Como perder o peso do corpo:
o verso e o mergulho, a escrita e o mar.
(ao meu amor)
Eu estou de frente pra Ana Hupe e a observo enquanto escrevemos. Uma mesma mesa serve de apoio para nossos laptops, um guaraná zero e dois expressos nessa lanchonete moderninha de uma instituição paulistana de arte e residência. Isso pode parecer desimportante, mas não é. E tem muito barulho aqui. Ela acaba de me dizer que a água São Lourenço tem lítio. Quem diria? Quanta alegria nesse copo azulado. Estamos aqui com a desculpa de estarmos no exercício de um processo experimental de escrita: convidei-a pra escrever o texto da exposição juntos, e estamos com um arquivo de Google.docs compartilhado aberto. No nosso encontro digital, escrevemos juntos. No nosso encontro real, eu a observo.
Esse preto é meu.
Esse azul é nosso.
Na parede, linhas repetem o horizonte que, agora, é verso. Como ondas, como pautas de um caderno, como códigos de uma escrita, há, sobre o branco, o azul do papel carbono formando uma ode à própria escrita e à sua relação com a vida como modo de inscrição sobre a superfície terrestre. Sobre as linhas, um conjunto de fotografias, serigrafias, objetos e outros tipos de anotações importantes para uma associação entre nadar, estar no mar, estar só, meditar e escrever como processo singular de elaboração do mundo e de estar no mesmo. Essa exposição vem mostrar que há tipos de dança que ensinam a beleza da solidão que nos é tão ontológica quanto a angustia, o desamparo, a morte e o tesão.
O interessante é que falamos da escrita, mas os textos de Ana Hupe não aparecem por aqui. Ela escreve muito, mas corta tudo depois. Segundo ela “prefiro não”. Mas está lá: “Escrever teria alguma coisa a ver com uma solidão essencial.”.
A canoa no centro da galeria se chama “projeto/anúncio moradia : um ano embarcado”. Sim, isso que mostramos é uma instalação, mas sobretudo é a apresentação de um projeto no qual Ana Hupe morará durante um ano sobre a água, sem o peso do corpo, ausente da vida digital, solitária e não apenas capaz de contemplar a natureza, mas disponível a uma vivência mais presente dos lugares e mais concentrada na criação.

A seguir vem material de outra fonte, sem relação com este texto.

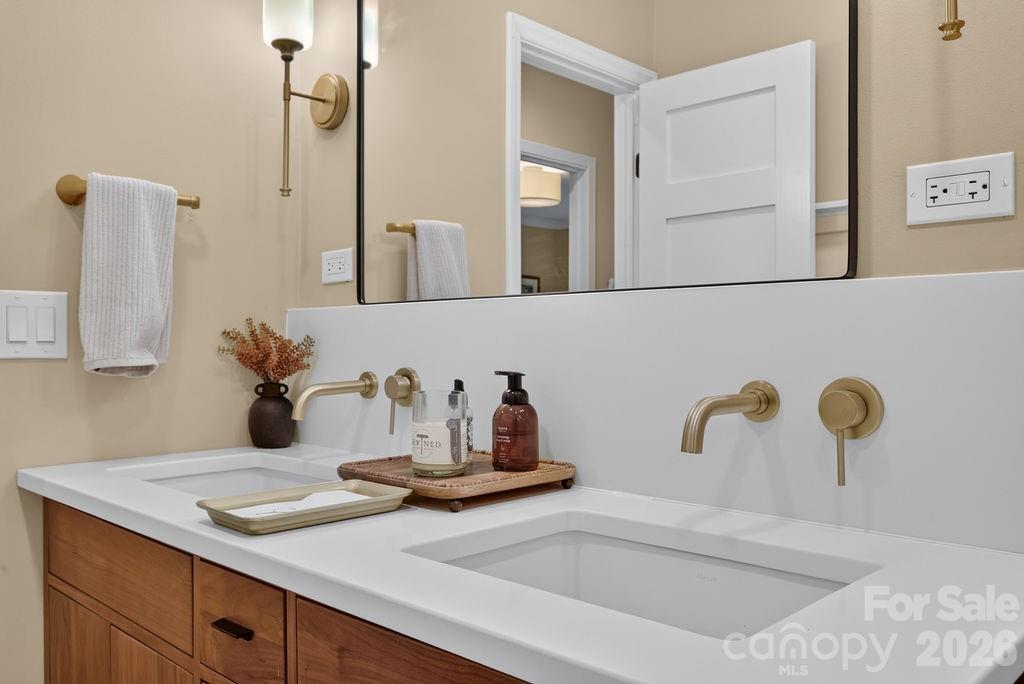 865 Haven Drive — Saluda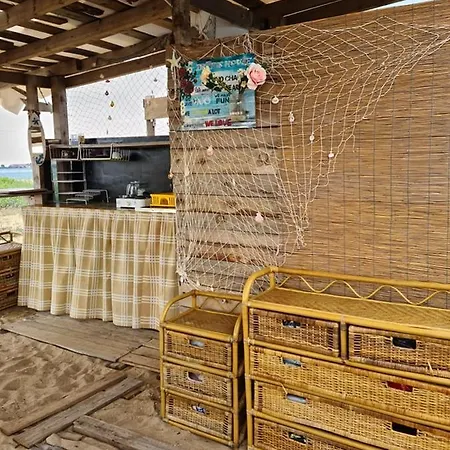 Village de vacances Ultimate Caravan Experience - 1st Line Gradina *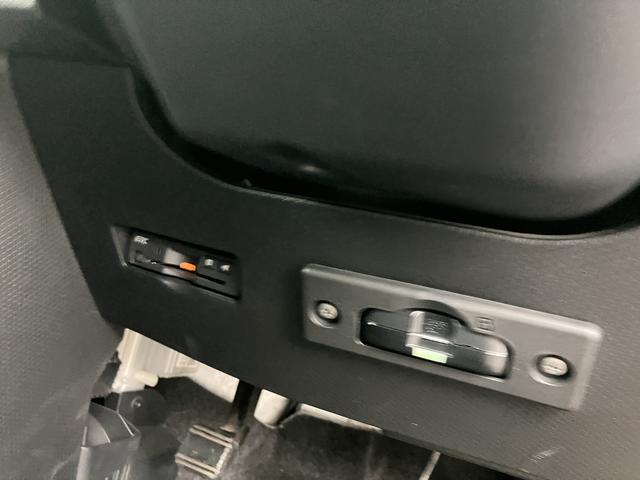 タントカスタムＲＳスタイルセレクション１５インチアルミホイール　大型エアロバンパー　フルＬＥＤヘッドランプ　オート格納式カラードドアミラー　革巻ステアリングホイール　両側パワースライドドア（静岡県）の中古車
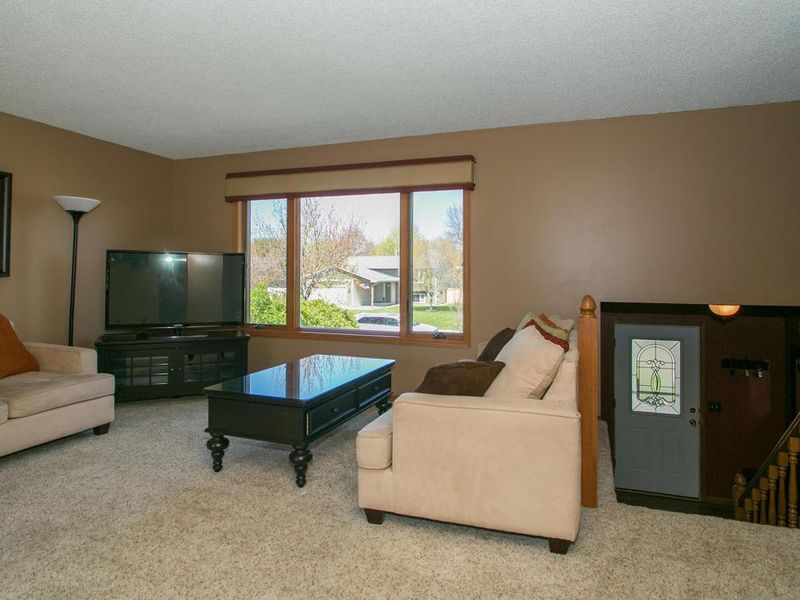 16243 Excelsior Dr, Rosemount, MN 55068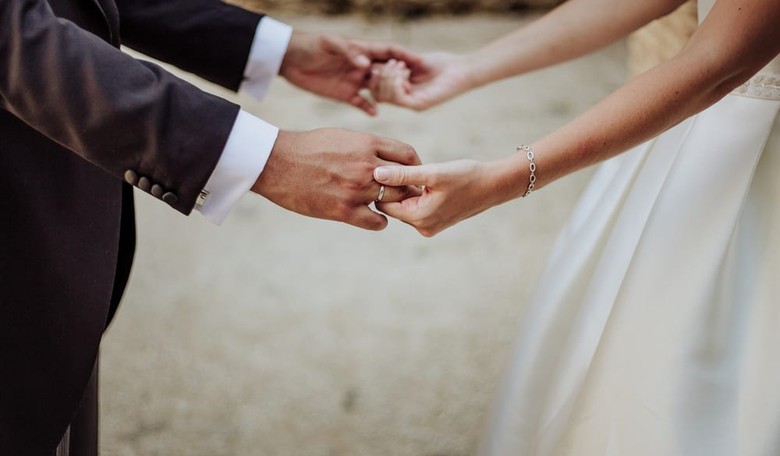 4 Questions Christians Should Ask Before Marrying in Their Twenties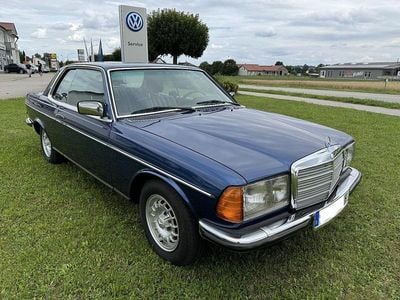 Usata Mercedes 230 109 CV (80 kW) 1978 Blu Coupé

Dentro da canoa, uma gravura do verso da cidade e uma pilha de papéis virgens a serem gravados por outros versos a serem pescados ou coletados. Falamos de nossa pele como lugar onde o mundo se grava em nós. E é da busca por uma ideal condição ideal de reflexão que tratamos nessa mostra.
Empenhada, também, numa pesquisa sobre as últimas gráficas do bairro da Gamboa, Ana Hupe traz objetos de seu encantamento para evocar a escrita e associar sua reprodutibilidade aos gestos mecânicos do nadar. Ir até o arquipélago das Cagarras foi, para Ana, uma forma de tocar o horizonte e descobrir que aquela linha que definia o infinito já estava nela. Foi também uma maneira de responder à vontade de ver a cidade pelo outro lado.
Esse movimento é quase como aquele de quem bate na borda na piscina para retornar ao ponto de partida. É interessante que “verso” tem origem na palavra em latim que definia “revirar a terra”: mais especificamente a virada do boi para a outra linha no processo de aragem. Para Ana Hupe, perceber e desenhar o verso da cidade é uma forma de apresentá-la às avessas, ou, ao menos, demonstrar o interesse de descortinar o que fica "oculto" - na cidade e na linguagem.
Esse azul é nosso e é uma edição que elaborou o resultado de uma entrevista/encontro em Google.doc e mesa de café que começava com “Oi, Gatinha” e terminava com “Tenho que ir”.
Esse preto é meu e nasce no tempo em que estou em SP sozinho, e Ana Hupe já está no Rio enchendo a galeria do mar de verso. Que esse oceano tire o peso do corpo e que, quando for o tempo de pedirmos solidão que seja solidão para o tempo da escrita: para que depois haja um tanto de azul e um bocado de comunhão e troca. Gatinha, tenho que ir.